Social proof optimizers

The optimizing conditions for social proof are uncertainty, the many, and similarity. Let’s dive into each.

Uncertainty

In my last post, I discussed an example of social proof regarding a chain of restaurants in Beijing who discovered that “most popular” was the best label to use to describe a dish and increase its sales. Although the labeled popularity of an item elevated its choice by all sorts of diners, there was one kind of customer that was most likely to choose based on popularity—those who were infrequent and therefore, unfamiliar visitors.

Consider how another simple insight made one man a multimillionaire. In 1934, after acquiring several small grocery stores, Sylvan Goldman noticed his customers stopped buying when their handheld shopping baskets got too heavy. This inspired him to invent the shopping cart. The contraption was so unfamiliar-looking that, at first, none of Goldman’s customers used one—even after he built more-than-adequate supply, placed several in a prominent place in the store, and put up signs describing their use and benefits. Frustrated and about to give up, he tried one more idea to reduce his customers’ uncertainty, one based on social proof. He hired shoppers to wheel the carts through the store. His true customers began following suit after they saw others using it and his invention swept the nation.

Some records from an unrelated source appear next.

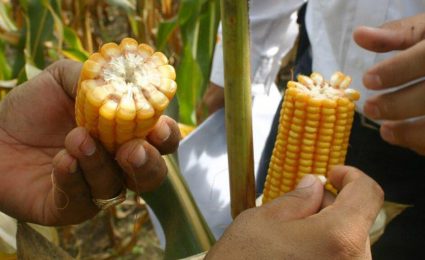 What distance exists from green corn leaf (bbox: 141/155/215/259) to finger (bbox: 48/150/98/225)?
218 millimetres

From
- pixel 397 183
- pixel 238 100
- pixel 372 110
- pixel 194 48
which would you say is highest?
pixel 238 100

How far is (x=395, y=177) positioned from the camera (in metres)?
1.18

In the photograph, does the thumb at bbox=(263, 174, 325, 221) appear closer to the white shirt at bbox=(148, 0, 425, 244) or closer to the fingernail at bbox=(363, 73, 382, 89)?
the fingernail at bbox=(363, 73, 382, 89)

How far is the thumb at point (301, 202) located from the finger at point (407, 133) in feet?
0.71

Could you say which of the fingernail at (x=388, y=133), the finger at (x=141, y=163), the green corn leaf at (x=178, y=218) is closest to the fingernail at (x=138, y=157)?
the finger at (x=141, y=163)

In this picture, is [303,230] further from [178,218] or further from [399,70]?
[178,218]

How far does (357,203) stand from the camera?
0.72 meters

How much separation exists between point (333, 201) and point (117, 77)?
38cm

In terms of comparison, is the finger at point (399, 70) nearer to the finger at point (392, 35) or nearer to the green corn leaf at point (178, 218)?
the finger at point (392, 35)

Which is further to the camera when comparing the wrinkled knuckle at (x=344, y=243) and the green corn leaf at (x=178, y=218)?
the green corn leaf at (x=178, y=218)

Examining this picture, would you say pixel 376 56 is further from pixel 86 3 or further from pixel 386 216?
pixel 86 3

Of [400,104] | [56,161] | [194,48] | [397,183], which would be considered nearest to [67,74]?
[56,161]

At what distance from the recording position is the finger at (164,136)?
787 mm

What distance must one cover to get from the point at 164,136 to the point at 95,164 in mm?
113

This tendency for everyone to be looking to see what everyone else is doing in uncertain situations leads to another fascinating phenomenon known as pluralistic ignorance. This phenomenon helps explain a troubling occurrence: the failure of bystanders to aid victims in agonizing need of help. People will often not react in an emergency situation because it is unclear who should take charge and they all look at what everyone else is doing to figure it out. This is why it is best to single out a person in the crowd if you are ever in need of help to reduce the uncertainty.

The Many

Here’s an experiment to try that illustrates the power of the many. Stand on a busy sidewalk, pick an empty spot in the sky or on a tall building, and stare at it for a full minute. Very little will happen around you during that time. Most people will walk past without glancing up and virtually no one will stop to stare with you. Now, on the next day, go to the same place and bring along some friends to look upward too. Within sixty seconds, a crowd will have stopped to crane their necks skyward with the group.

Another example of the influence of the many is the use of laugh tracks in sitcoms. Many of the most popular TV shows today add artificial laughter to their content to make audiences perceive the content as being funnier than it is. 

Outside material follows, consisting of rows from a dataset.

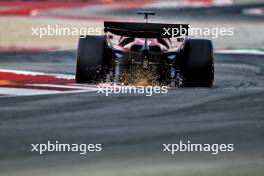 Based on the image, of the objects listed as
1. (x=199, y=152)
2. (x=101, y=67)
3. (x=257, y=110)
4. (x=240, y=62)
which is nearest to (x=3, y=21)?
(x=240, y=62)

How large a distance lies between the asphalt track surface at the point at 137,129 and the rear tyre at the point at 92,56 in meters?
0.91

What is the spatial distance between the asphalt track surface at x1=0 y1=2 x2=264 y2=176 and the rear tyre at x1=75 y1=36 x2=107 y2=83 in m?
0.91

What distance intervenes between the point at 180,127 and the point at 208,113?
1111 mm

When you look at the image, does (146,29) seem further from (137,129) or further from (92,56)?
(137,129)

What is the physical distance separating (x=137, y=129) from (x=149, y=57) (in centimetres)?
343

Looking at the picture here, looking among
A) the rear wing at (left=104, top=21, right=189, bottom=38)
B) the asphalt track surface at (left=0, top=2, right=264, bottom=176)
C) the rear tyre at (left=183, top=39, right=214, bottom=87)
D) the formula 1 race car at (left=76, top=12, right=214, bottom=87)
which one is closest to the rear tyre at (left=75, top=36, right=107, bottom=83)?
the formula 1 race car at (left=76, top=12, right=214, bottom=87)

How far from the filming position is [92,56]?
1218 cm

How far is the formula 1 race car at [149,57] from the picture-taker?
476 inches

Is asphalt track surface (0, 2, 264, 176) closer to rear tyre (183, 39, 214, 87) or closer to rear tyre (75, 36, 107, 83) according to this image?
rear tyre (183, 39, 214, 87)

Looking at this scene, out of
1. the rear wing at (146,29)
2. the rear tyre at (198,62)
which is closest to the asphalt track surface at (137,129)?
the rear tyre at (198,62)

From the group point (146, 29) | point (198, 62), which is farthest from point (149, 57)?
point (198, 62)

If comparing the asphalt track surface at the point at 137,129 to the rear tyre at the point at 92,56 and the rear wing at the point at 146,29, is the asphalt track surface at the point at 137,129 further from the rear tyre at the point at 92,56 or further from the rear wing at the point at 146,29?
the rear tyre at the point at 92,56

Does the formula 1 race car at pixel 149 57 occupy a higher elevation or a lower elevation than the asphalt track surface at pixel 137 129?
higher

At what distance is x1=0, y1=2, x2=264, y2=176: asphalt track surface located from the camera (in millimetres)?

The many is a contagious form of influence. In 1761, London experienced two moderate-sized earthquakes exactly a month apart. Convinced by this coincidence that a third, much larger quake would occur on the same date a month later, a soldier named Bell began spreading his prediction that the city would be destroyed on the fifth of April. At first, barely anyone paid attention to his claims. But those who did took precautions by moving their families out of the city. The sight of this small exodus stirred others to follow, which, in cascading waves over the next week, led to near panic and a large-scale evacuation. Great numbers of Londoners streamed into nearby villages, paying outrageous prices for any accommodations. After the designated day dawned and died without a tremor, people returned to the city furious at Bell for leading them astray. Although, it wasn’t the crackpot Bell who was to blame, but the Londoners themselves who validated his theory to each other.

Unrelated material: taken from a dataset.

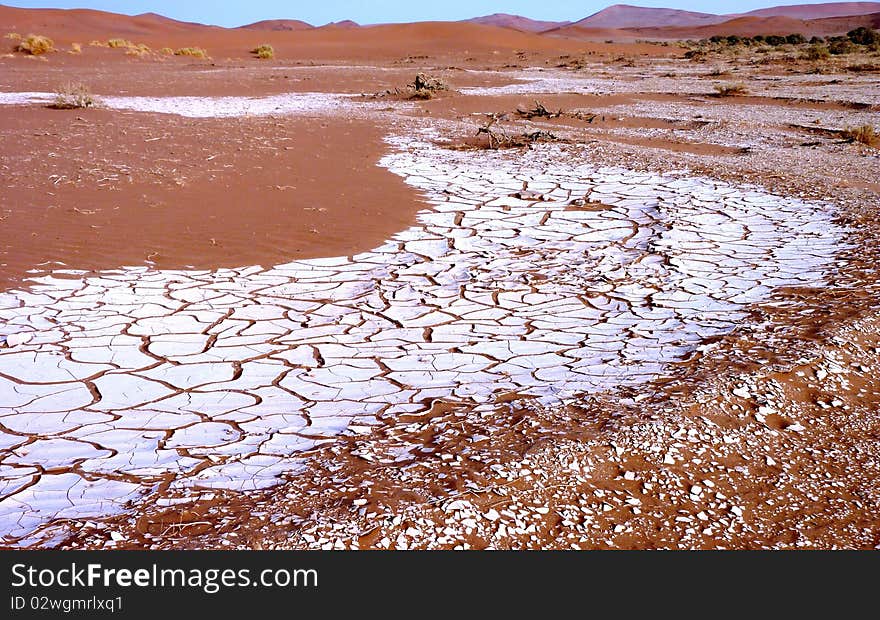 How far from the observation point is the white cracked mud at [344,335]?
3416mm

If we see a lot of other people doing something, it doesn’t just mean it’s probably a good idea. It also means we could probably do it too. When it comes to convincing people to conserve energy, social proof-based messaging generates 3.5 times as much energy savings as any of the other messages. Utility-company officials don’t trust it because of an entrenched belief that the strongest motivator of human action is economic self-interest. Contrary to their beliefs, it seems that telling homeowners that by saving energy, they could save a lot of money, doesn’t mean they would be able to make it happen. However, when people learn that many others around them are conserving energy, there is little doubt of its feasibility. It comes to seem realistic and, therefore, actionable.

Similarity

The principle of social proof operates most powerfully when we are observing the behavior of people just like us. This phenomenon is coined the term peer-suasion.

For this reason, we are seeing many more companies these days advertise average-person testimonials. They know that one successful way to sell a product to ordinary viewers is to demonstrate that other “ordinary” people like and use it. 

People will use the actions of others to decide how to behave, especially when they view those others as similar to themselves. Of interest to sales people is how sales improve dramatically when they use names/testimonials from female customers with female prospects, males with males, and couples with couples.

An analysis of factors that impact the market share of national brands revealed that passage of time had surprisingly little influence on brands’ performance, less than 5 percent over three years. Geography, on the other hand, made an enormous difference. The strongest influence on market share, 80 percent, was due to geographical region. People’s brand choices moved in line with the choices of those like them, around them. 

Marketing managers might want to consider decentralized strategies targeting separate regions to a greater extent than they currently do, as research indicates people are regionally similar on attitudes, values, and personality traits—probably due to contagion effects.